Exercise requirements>
Find the line with "Nhận định, soi" in the entries below, then output every line from it down to the line with "Wassertemperatur Balestrate im Januar", exactly and with no pictures.

Dataset records>
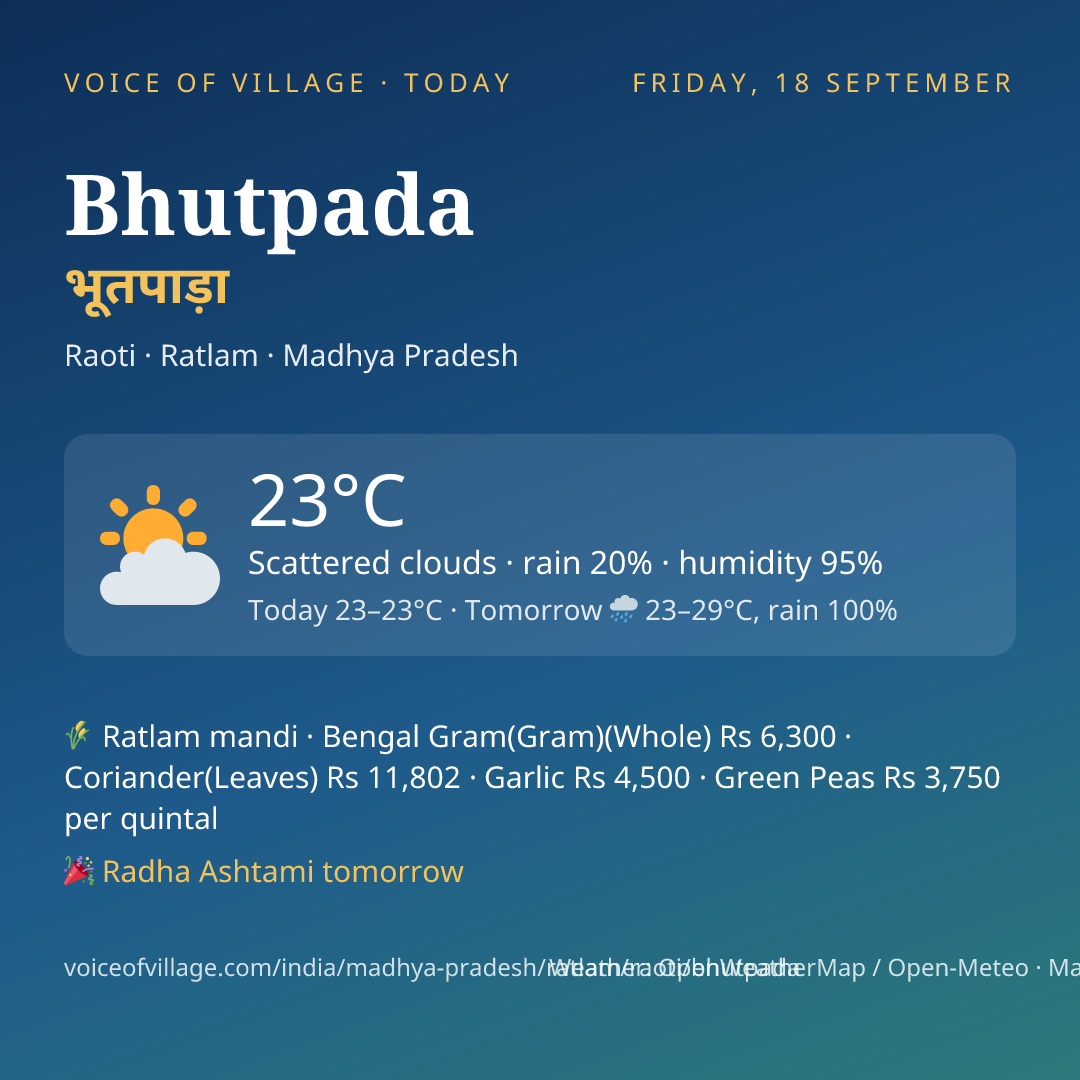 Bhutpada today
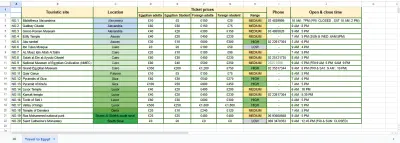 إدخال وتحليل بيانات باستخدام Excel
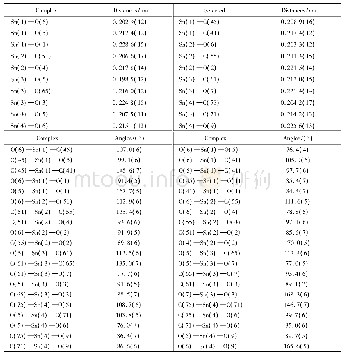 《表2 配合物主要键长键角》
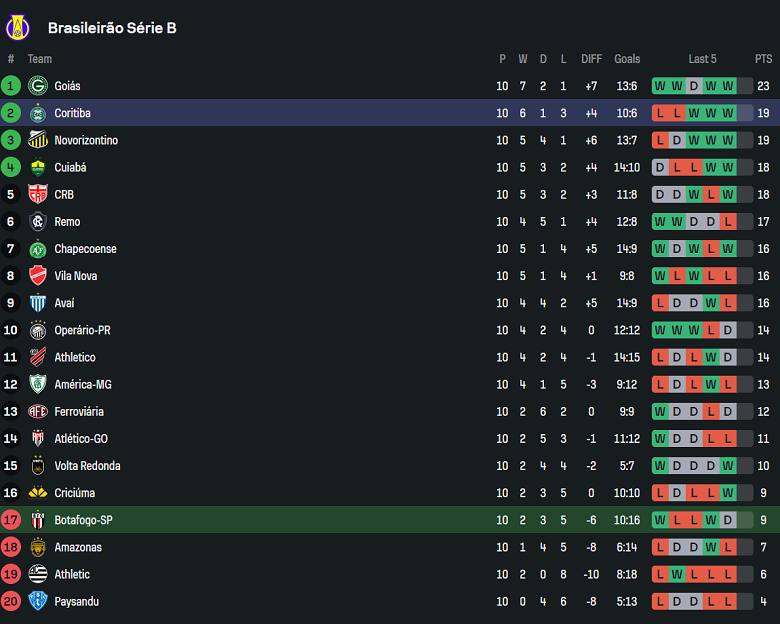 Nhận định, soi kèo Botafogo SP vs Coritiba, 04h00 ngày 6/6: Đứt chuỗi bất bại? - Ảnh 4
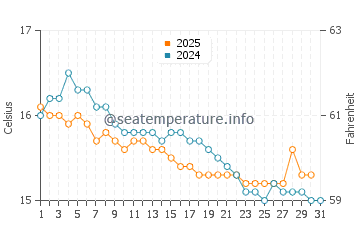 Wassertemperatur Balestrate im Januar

---

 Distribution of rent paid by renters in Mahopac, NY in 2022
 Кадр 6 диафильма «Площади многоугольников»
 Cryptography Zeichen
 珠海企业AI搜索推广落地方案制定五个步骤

...

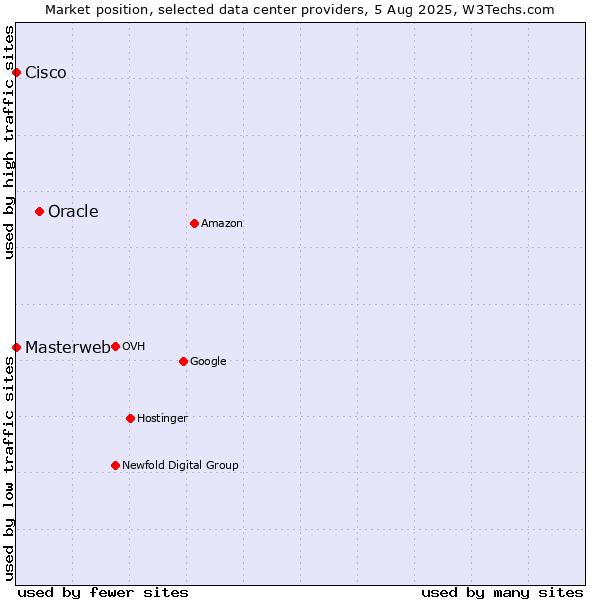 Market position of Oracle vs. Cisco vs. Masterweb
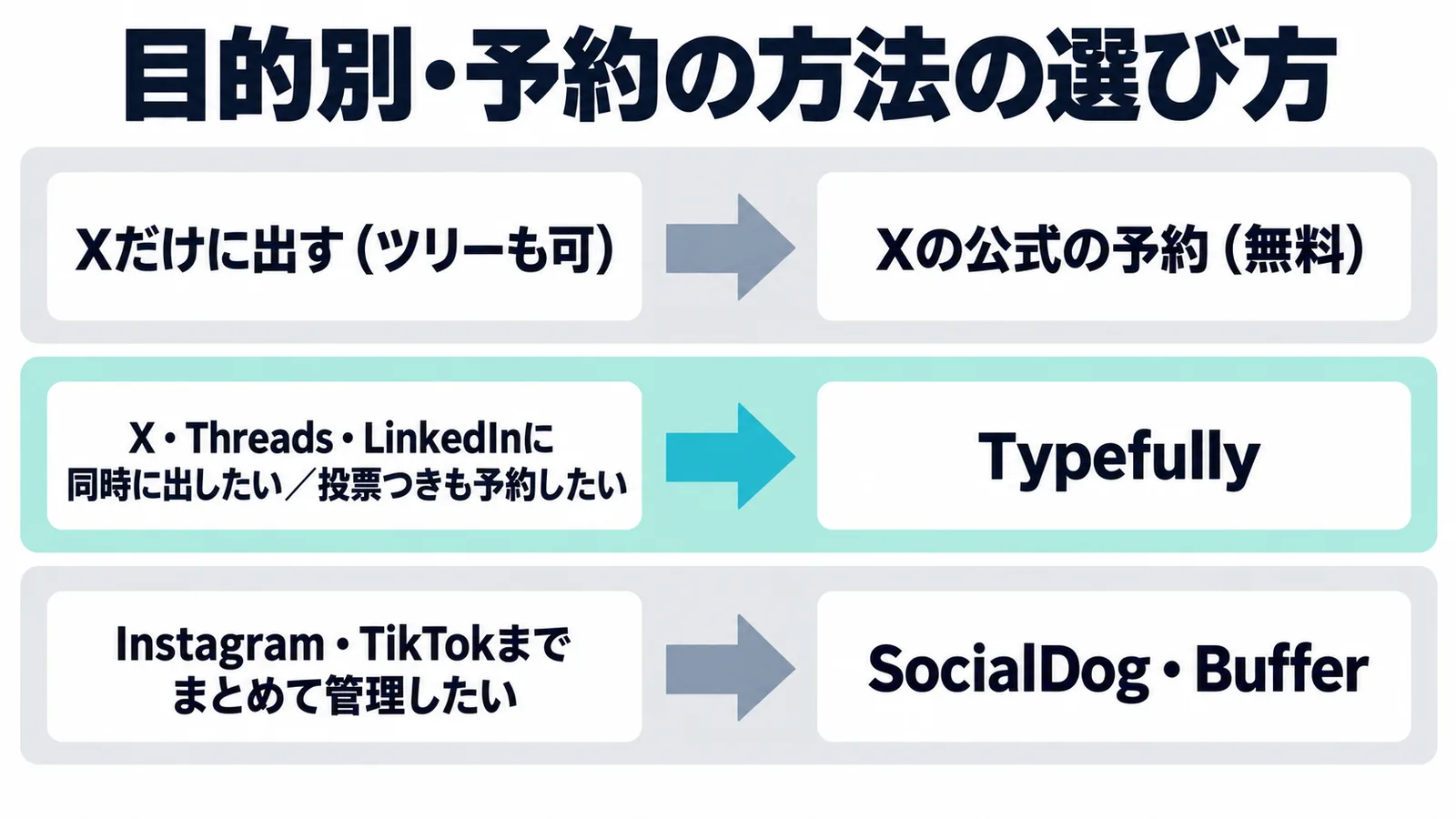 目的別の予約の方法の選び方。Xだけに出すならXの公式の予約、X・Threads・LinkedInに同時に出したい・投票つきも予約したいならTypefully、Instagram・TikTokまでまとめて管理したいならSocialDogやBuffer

Exercise answer>
 Nhận định, soi kèo Botafogo SP vs Coritiba, 04h00 ngày 6/6: Đứt chuỗi bất bại? - Ảnh 4
 Wassertemperatur Balestrate im Januar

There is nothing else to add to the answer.